> **Task description**
Exclude all pictures. Then restate, word for word, the entries from the first line through the line that contains "CalMAN: Colour saturation (calibrated)".

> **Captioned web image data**
┌──
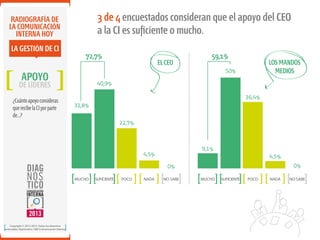 3 de 4 encuestados consideran que el apoyo del CEO
a la CI es suﬁciente o mucho.

RADIOGRAFÍA DE
LA COMUNICACIÓN
INTERNA HOY

LA GESTIÓN DE CI

72,7%

LOS MANDOS
MEDIOS

50%

APOYO

40,9%

DE LÍDERES
¿Cuánto apoyo consideras
que recibe la CI por parte
de…?

EL CEO

59,1%

36,4%
31,8%
22,7%

9,1%

4,5%

4,5%
0%

0%
MUCHO

Copyright © 2012-2013. Todos los derechos
reservados. Ibarómetro / BW Comunicación Interna.

SUFICIENTE

POCO

NADA

NO SABE

MUCHO

SUFICIENTE

POCO

NADA

NO SABE

 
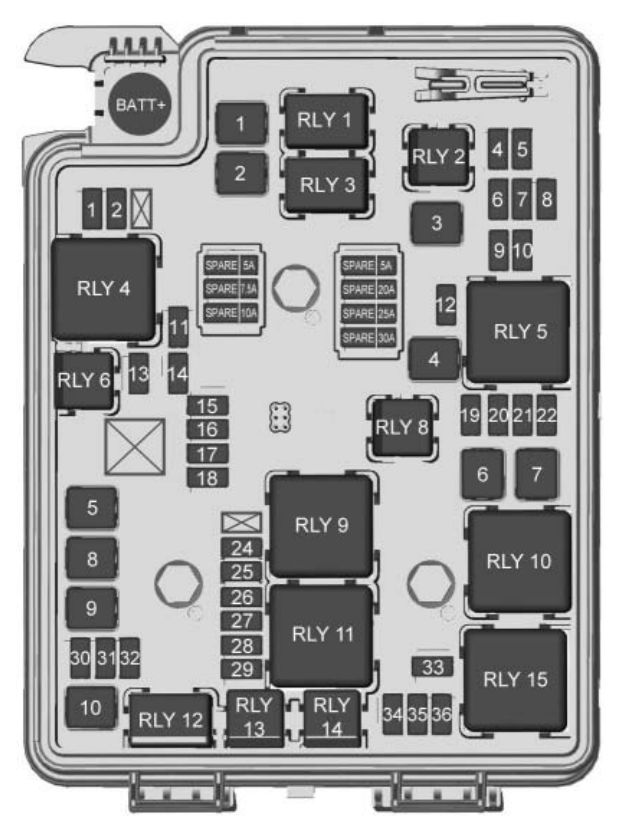 Chevrolet Sonic  2018  - Fuse Box Diagram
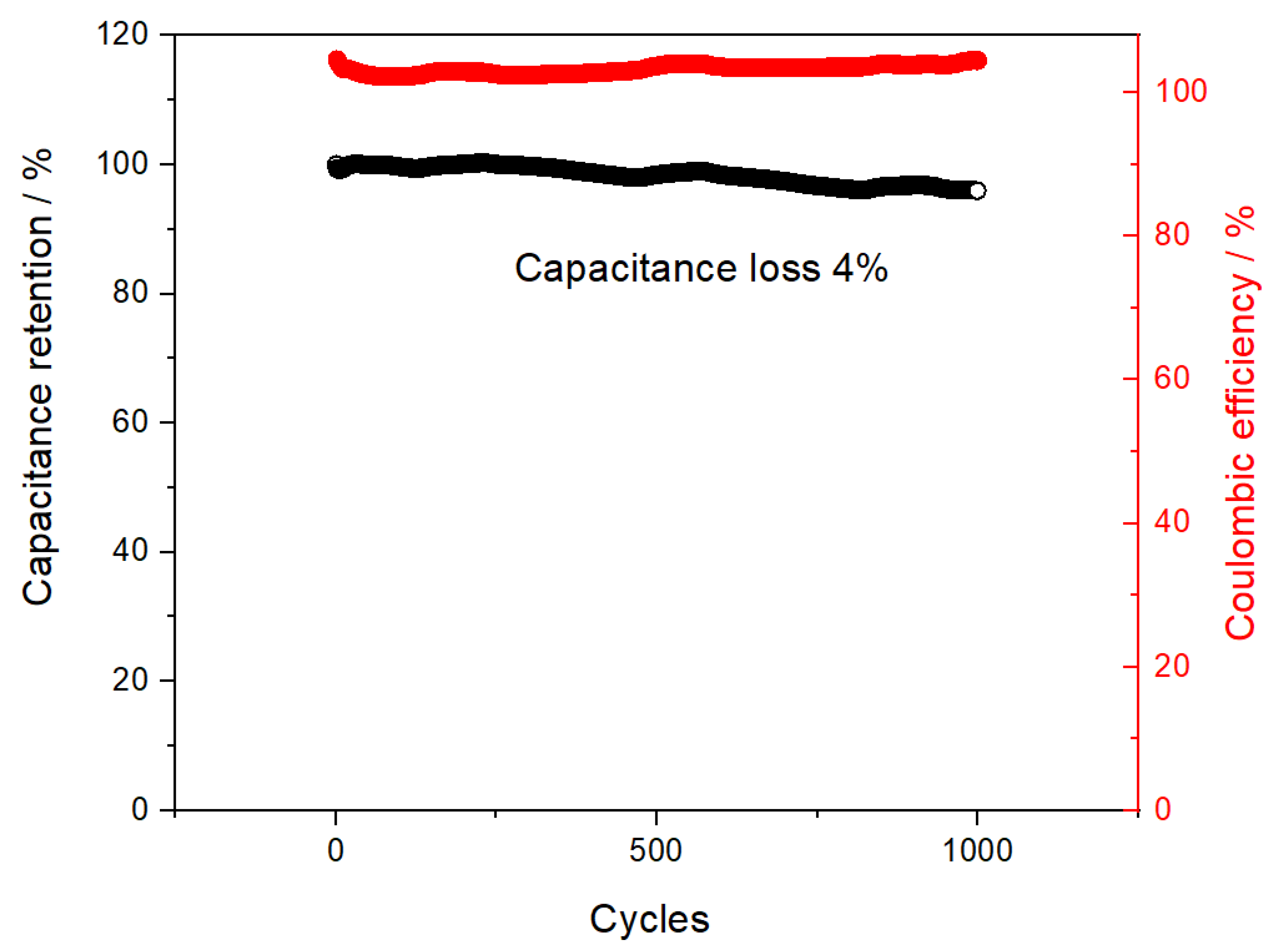 Preprints 78436 g010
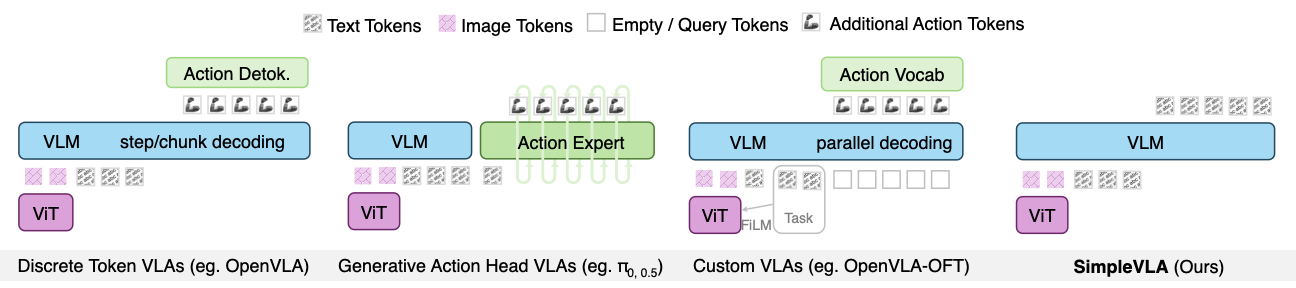 VLA-0 называется, тут как пример сравнения с другими сетями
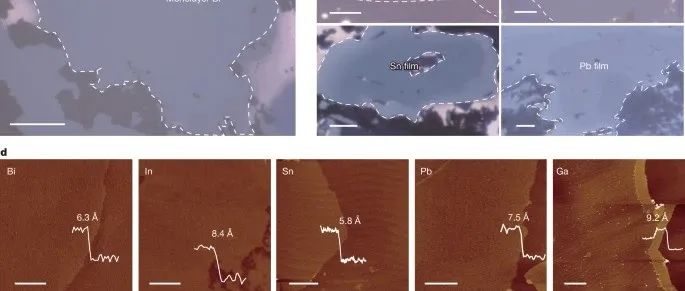 中科院物理所最新Nature：金属被压缩至两个原子厚度！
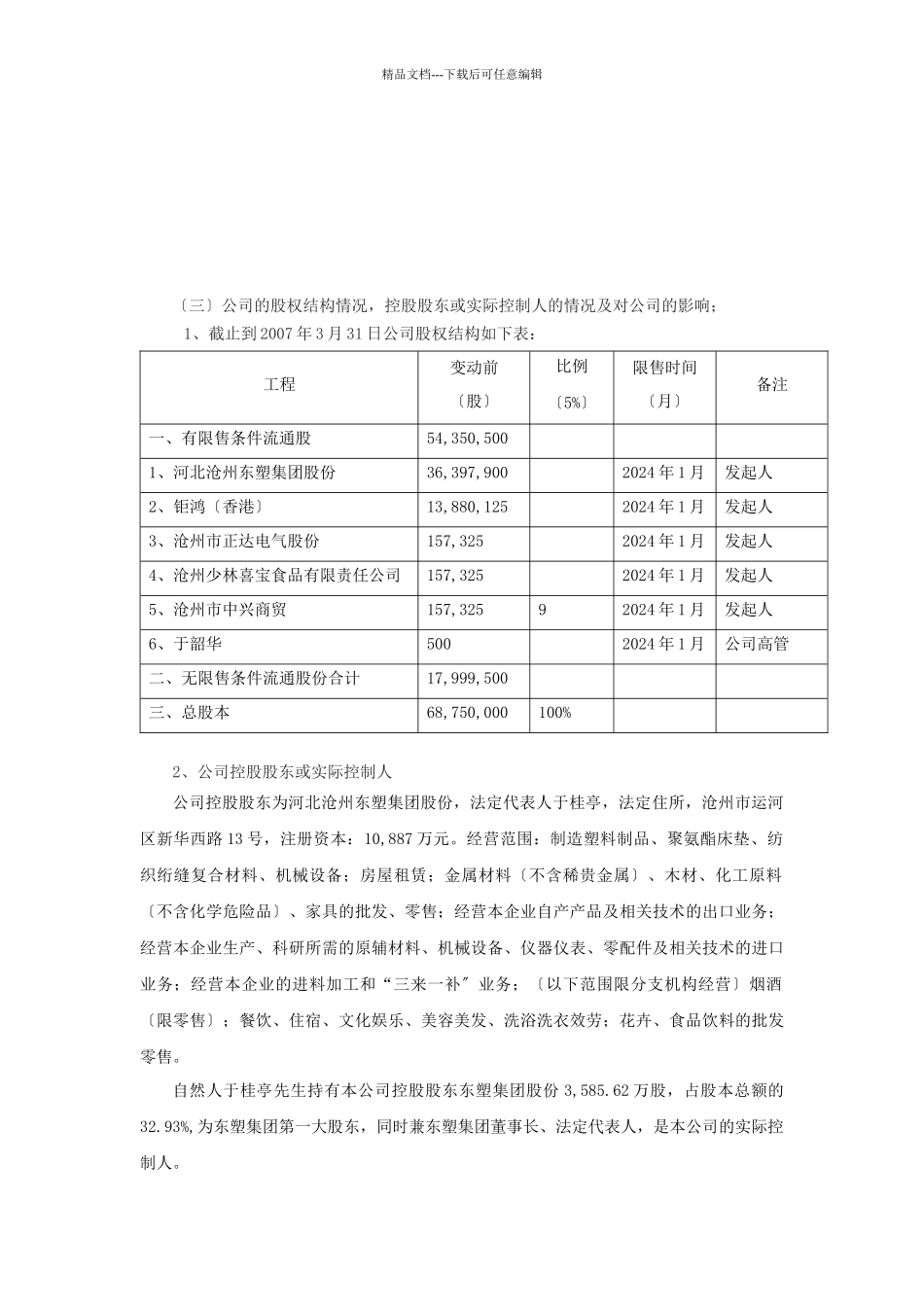 关于加强上市公司治理专项活动的报告_第3页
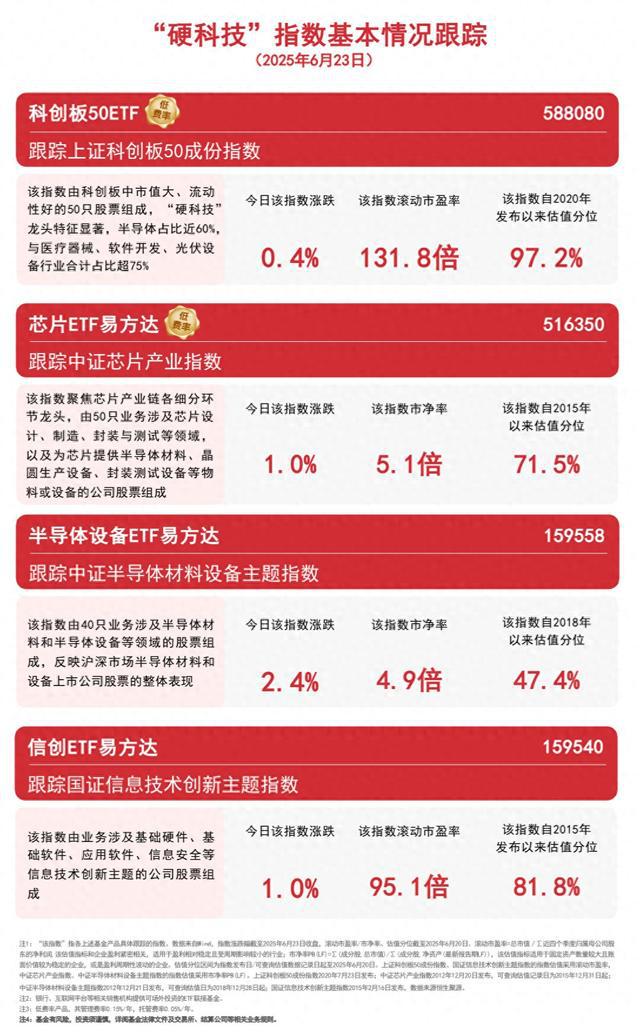 半导体产业酝酿新一轮涨价潮,半导体设备ETF易方达(159558)昨日“揽金”超4亿元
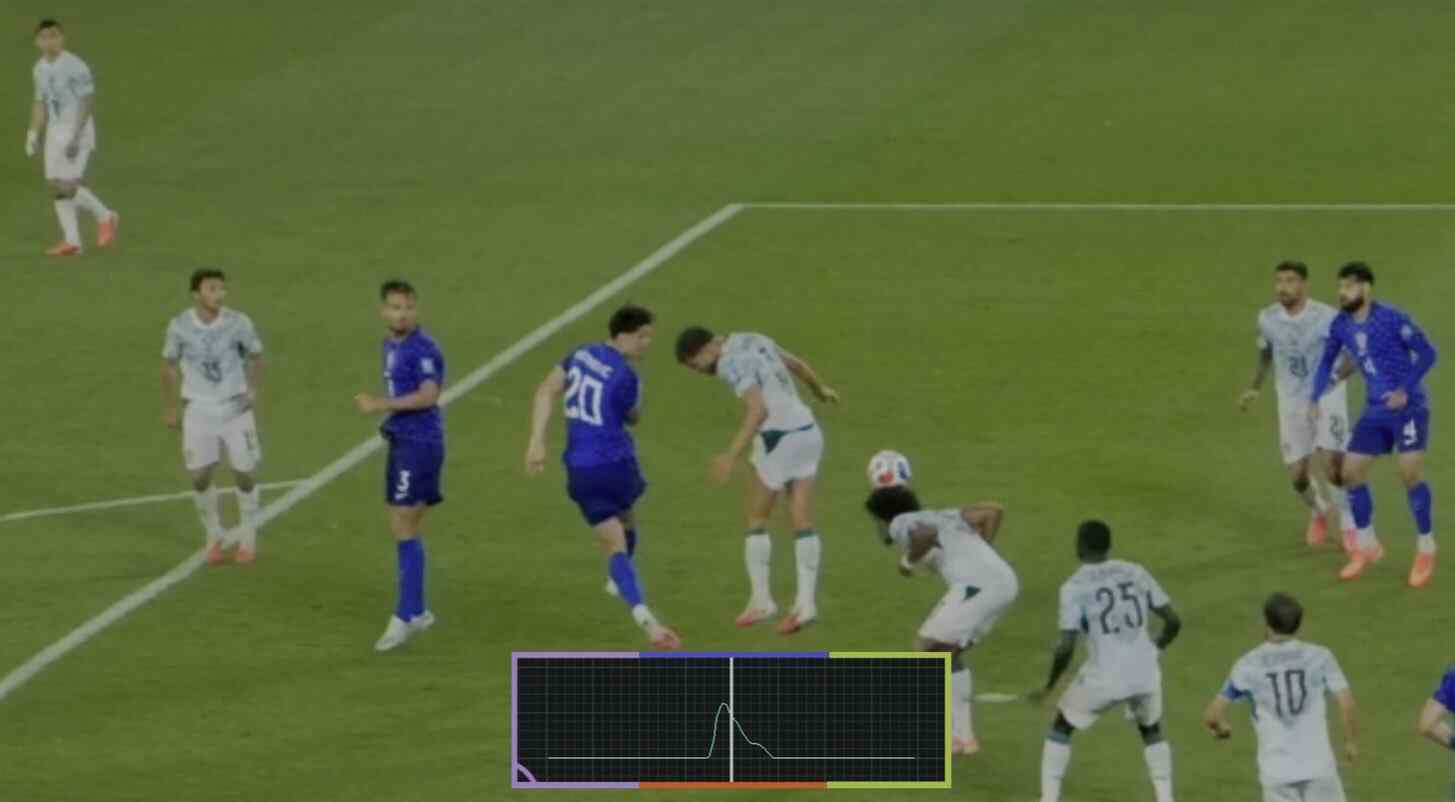 FIFA公布传感器波形图证实克罗地亚越位进球无效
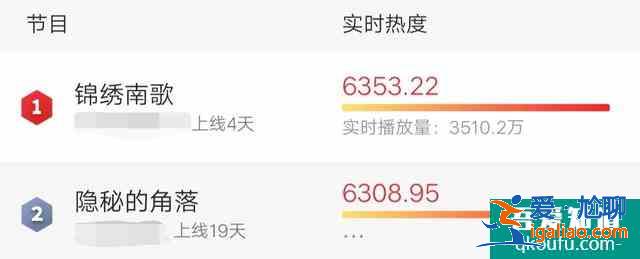 尬黑尬夸，《錦繡南歌》評論區(qū)大戰(zhàn)，秦昊也要做“大明星”了？？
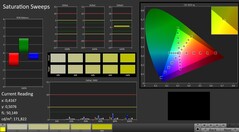 CalMAN: Colour saturation (calibrated)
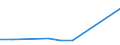 KN 27100026 /Exporte /Einheit = Preise (Euro/Tonne) /Partnerland: Vereinigte Staaten von Amerika /Meldeland: Europäische Union /27100026:Flugbenzin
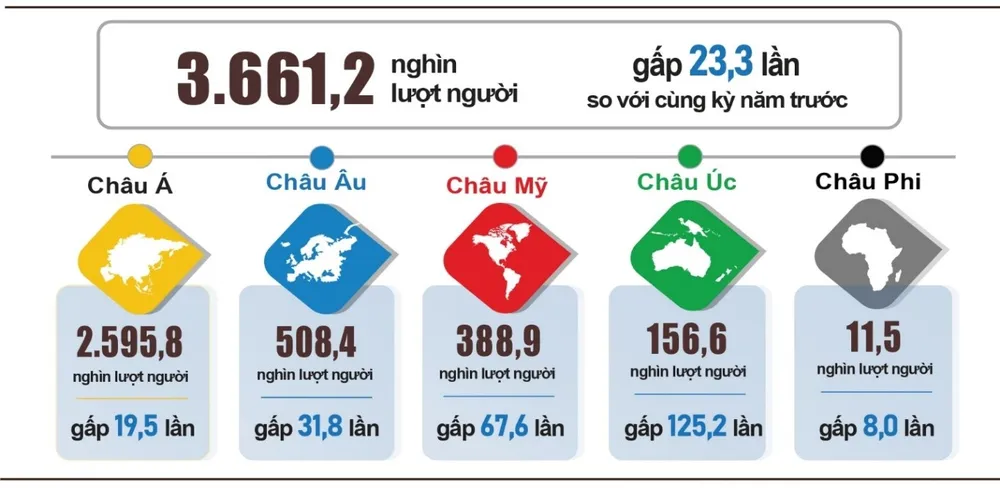 Khách quốc tế đến Việt Nam năm 2022 phân theo vùng lãnh thổ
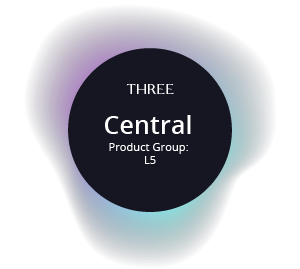 Central Product Group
└──
> **Final answer**
 3 de 4 encuestados consideran que el apoyo del CEO
a la CI es suﬁciente o mucho.

RADIOGRAFÍA DE
LA COMUNICACIÓN
INTERNA HOY

LA GESTIÓN DE CI

72,7%

LOS MANDOS
MEDIOS

50%

APOYO

40,9%

DE LÍDERES
¿Cuánto apoyo consideras
que recibe la CI por parte
de…?

EL CEO

59,1%

36,4%
31,8%
22,7%

9,1%

4,5%

4,5%
0%

0%
MUCHO

Copyright © 2012-2013. Todos los derechos
reservados. Ibarómetro / BW Comunicación Interna.

SUFICIENTE

POCO

NADA

NO SABE

MUCHO

SUFICIENTE

POCO

NADA

NO SABE

 
 Chevrolet Sonic  2018  - Fuse Box Diagram
 Preprints 78436 g010
 VLA-0 называется, тут как пример сравнения с другими сетями
 中科院物理所最新Nature：金属被压缩至两个原子厚度！
 关于加强上市公司治理专项活动的报告_第3页
 半导体产业酝酿新一轮涨价潮,半导体设备ETF易方达(159558)昨日“揽金”超4亿元
 FIFA公布传感器波形图证实克罗地亚越位进球无效
 尬黑尬夸，《錦繡南歌》評論區(qū)大戰(zhàn)，秦昊也要做“大明星”了？？
 CalMAN: Colour saturation (calibrated)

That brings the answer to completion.